Nous ne sommes plus des adolescents, nous ne sommes plus les jeunes qui ont un jour défilé pour une nouvelle façon de nous gouverner, pour un nouvel accord de paix entre Colombiens et Colombiennes, nous ne sommes même plus les leaders ou les protagonistes d’un avenir encore en devenir. Mais nous sommes ceux qui ont un travail et des factures à payer, des enfants, des frères et sœurs ou des parents dont il faut s’occuper ; des amis, des amoureux et des compagnes avec qui nous voulons être, des hommes et des femmes qui aspirent à continuer à grandir et à vieillir sans avoir peur de vivre, de sortir, de ne pas avoir à manger ou un endroit où dormir.

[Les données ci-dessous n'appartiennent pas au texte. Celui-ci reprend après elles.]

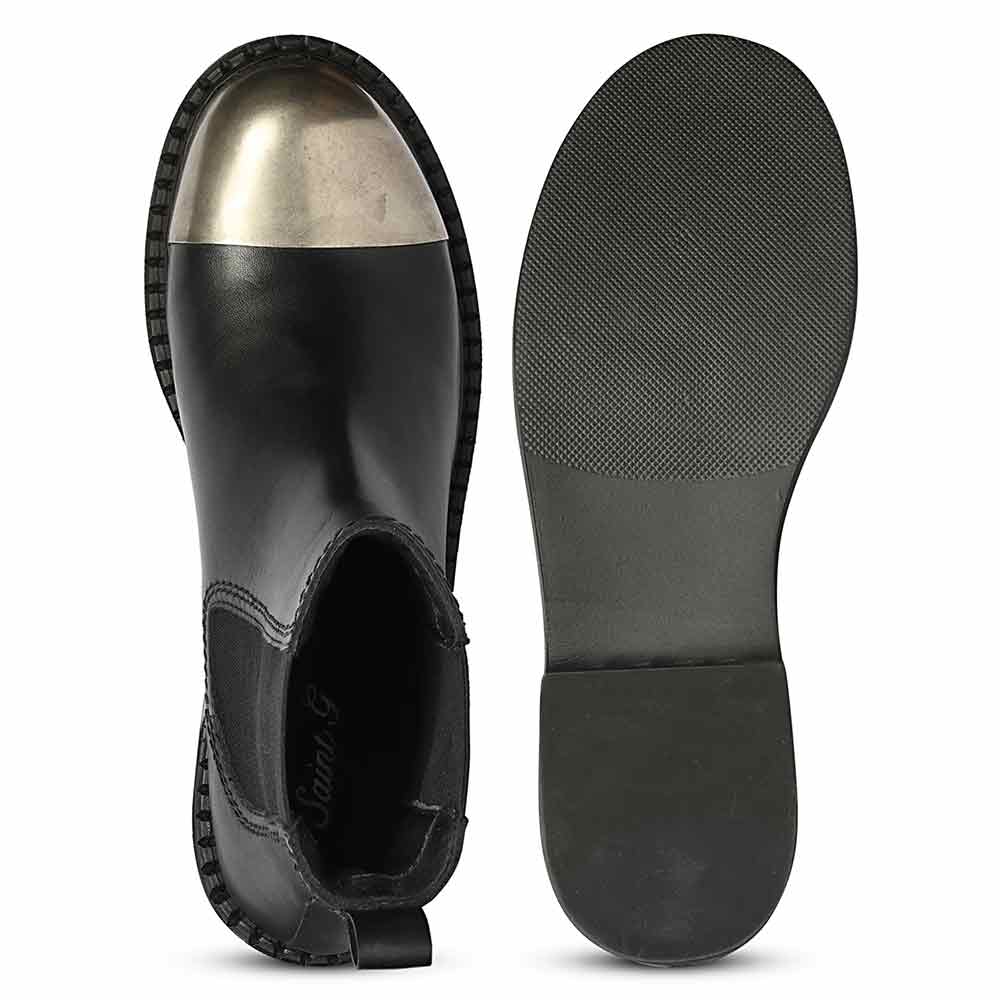 Saint Triana Cap Toe Black Leather Chelsea Boots - Image 6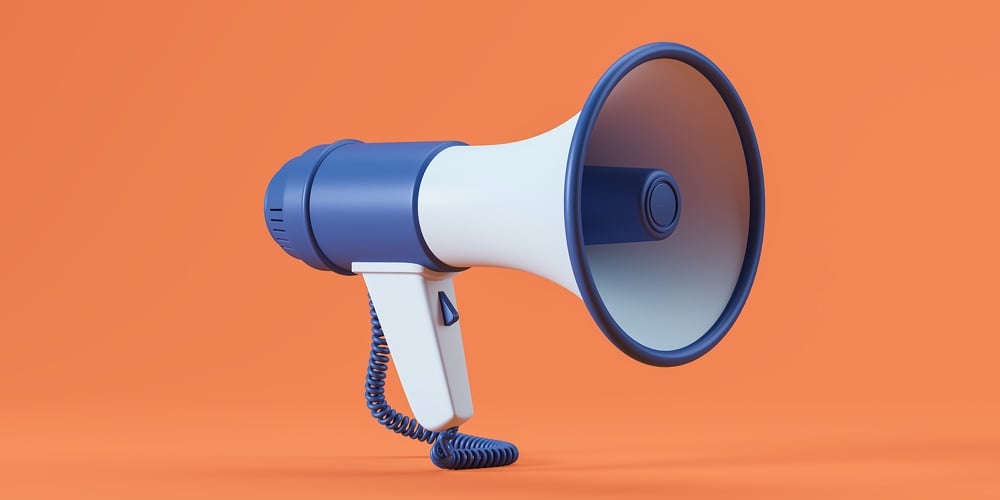 Loudspeaker On Orange Background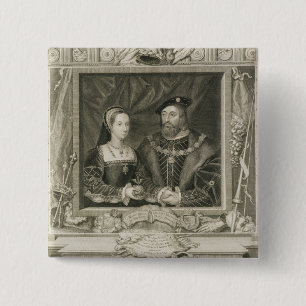 Portrait of Mary (1496-1533) Queen of France, and 15 Cm Square Badge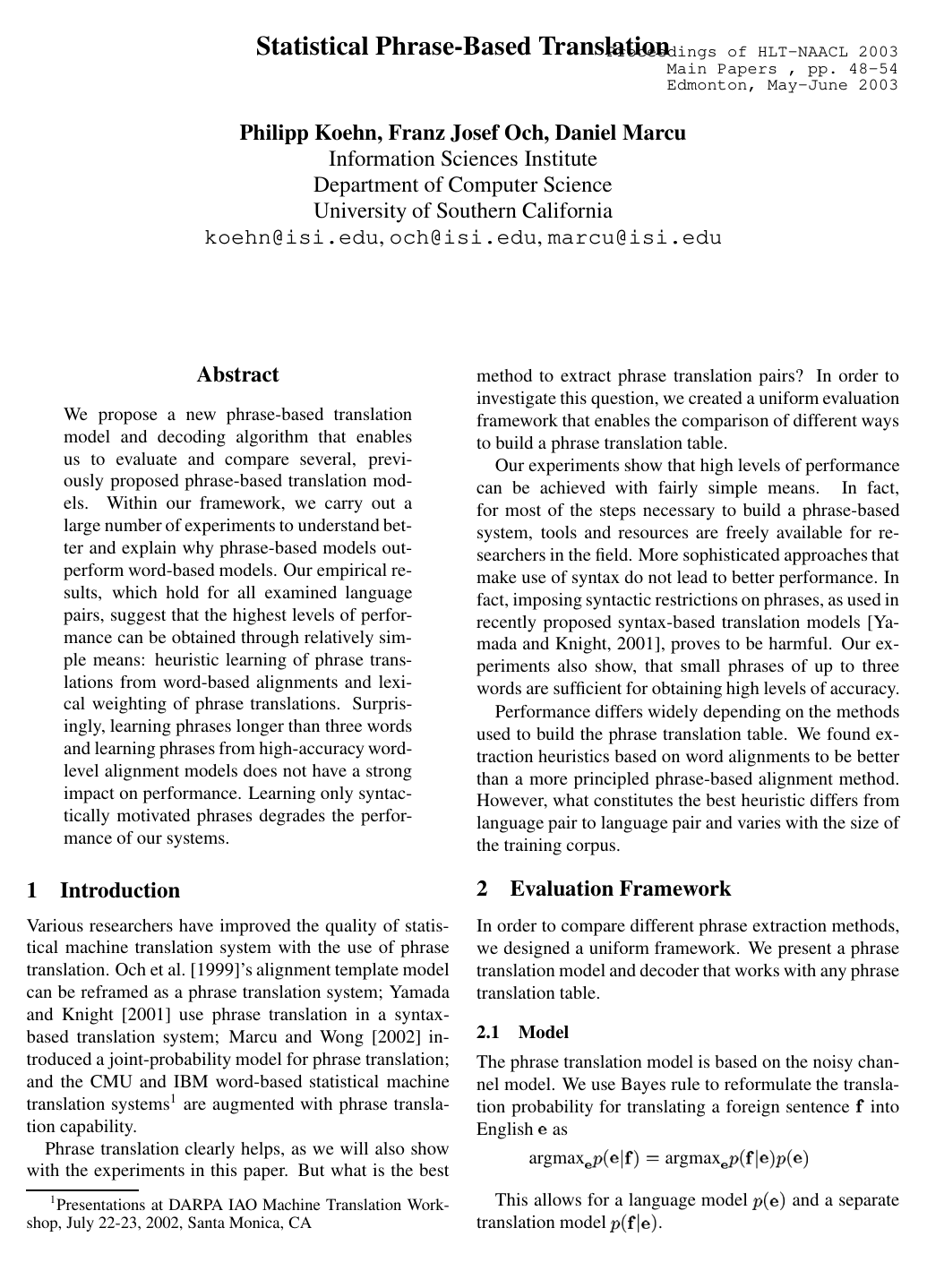 Statistical Phrase-Based Translation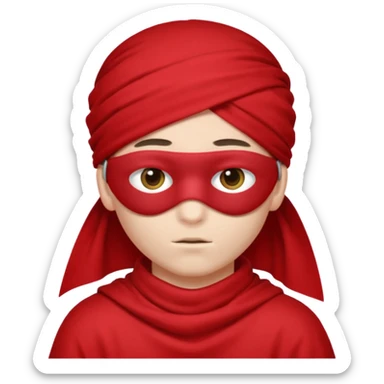 boy wearing red cloth over eyes sticker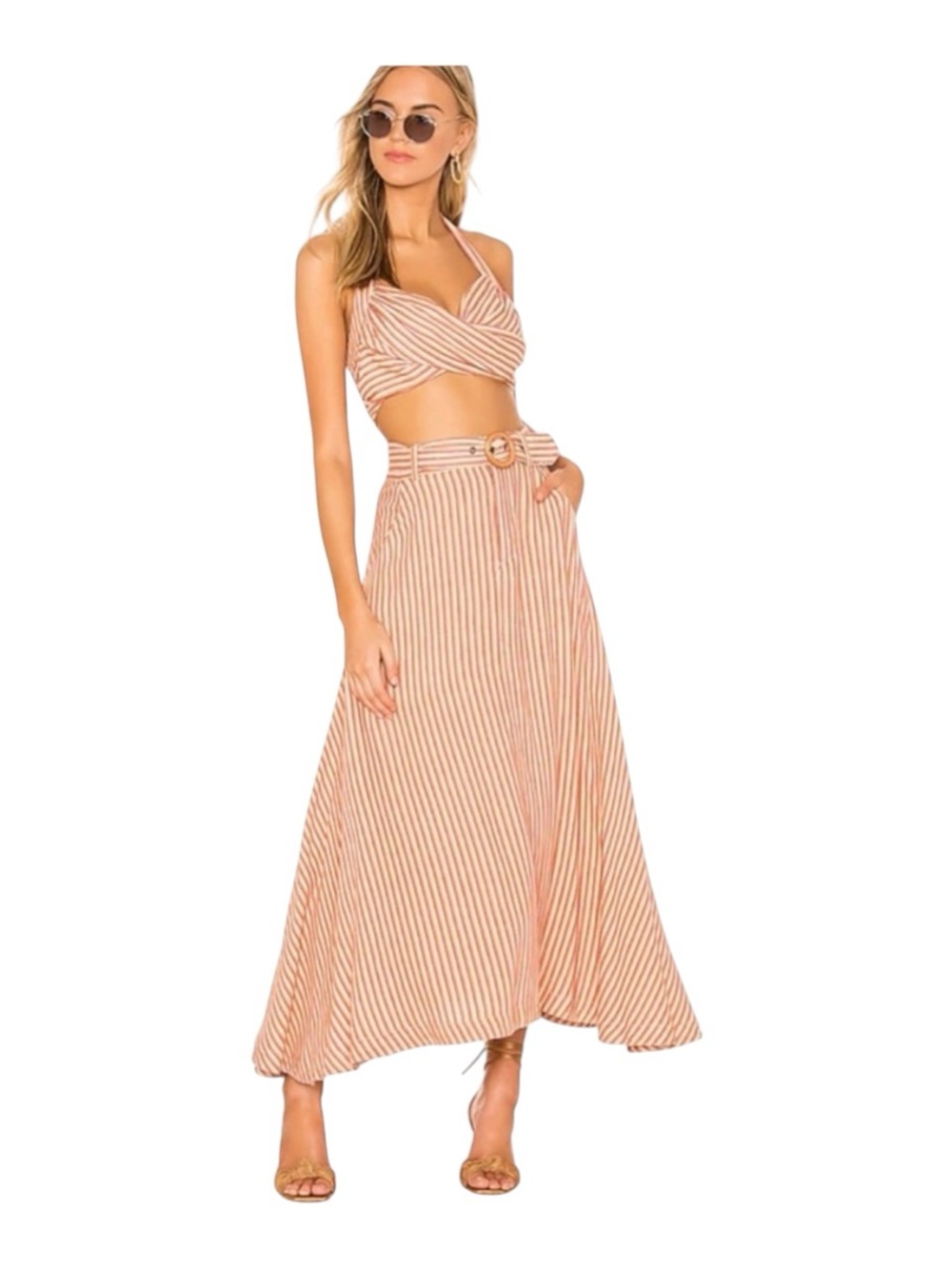 Free People Casablanca Striped Natural Combo 2 Piece Maxi Skirt Set Sz 6 NWT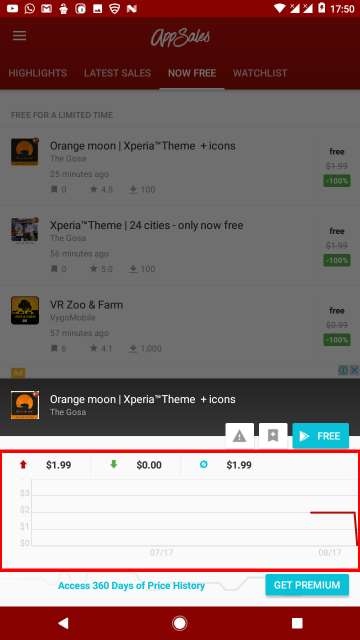 AppSales: Paid Apps price history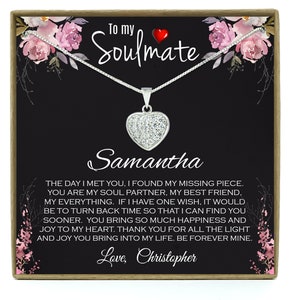 À mon collier d’âme sœur, cadeaux Vday pour elle, cadeau de Saint-Valentin pour âme sœur, femme, gf, petite amie, fiancée, future épouse, bijoux de carte de message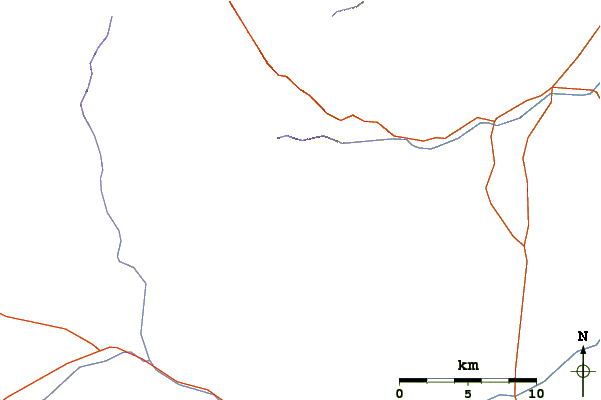 Roads and rivers around Greenhorn Mountain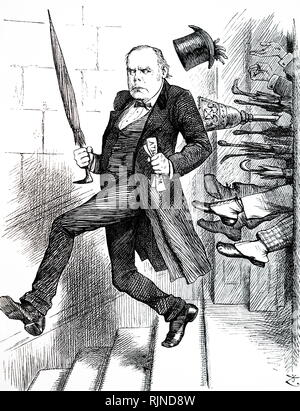 Ein Cartoon, Charles Bradlaugh (1833-1891) ein englischer freie Denker und Sozialreformer. Illustriert von John Tenniel. Vom 19. Jahrhundert Stockfoto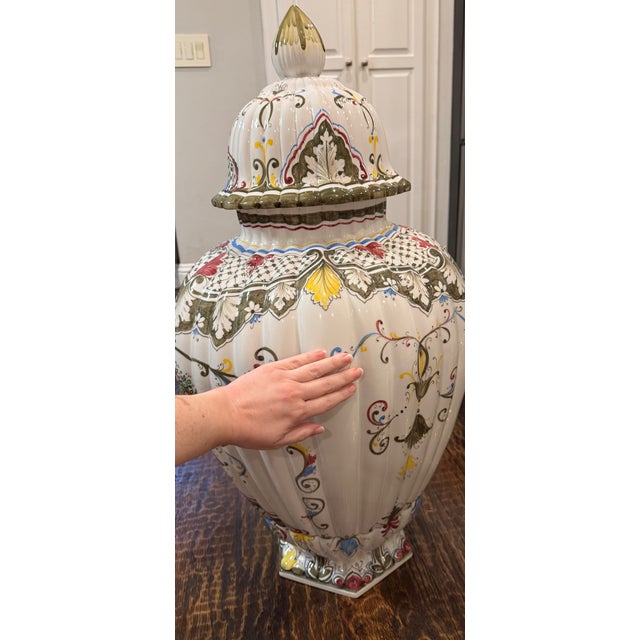 Traditional Monumental Signed Italian Hand-Painted Porcelain Lidded Urn by M. Dalla Costa, 35" For Sale - Image 3 of 12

Mesdames et Messieurs, hommes et femmes, même les patrons et patronnes, nous avons l’obligation morale de ne pas rester silencieux cette fois, de ne pas nous laisser enfermer chez nous, d’accompagner la rébellion des jeunes, afin qu’ils brisent tout ce dont nous n’étions pas capables et que nous avons laissé poursuivre, au point où aujourd’hui nous n’aurions pas voulu que cela soit. Parce que, 30 ans après ce qui fut pour nous la nouvelle Constitution politique de la Colombie, aujourd’hui il n’y a rien à célébrer, tout est encore à conquérir.

Aujourd’hui, j’ai quarante ans et quelques, il nous a fallu presque trois décennies pour nous réveiller à nouveau, mais nous nous sommes réveillés. Ça nous a pris du temps, oui, mais nous sommes revenus. Peut-être que l’anniversaire de la Constitution en vaut la peine.

Et espérons que la promesse d’un pays en paix, avec des opportunités pour toutes et tous, participant en démocratie, au bien vivre, au bien-être social et communautaire, nous donnera la force collective dont nous avons besoin pour construire un lieu plus proche des rêves que nous partageons en tant que Colombiennes et Colombiens. Mais si ce n’est pas le cas, nous continuerons à marcher, avec la conviction des don Quichottes qui courent après les utopies, convaincus qu’un autre monde meilleur est possible, peu importe si nous devons marcher toute la vie.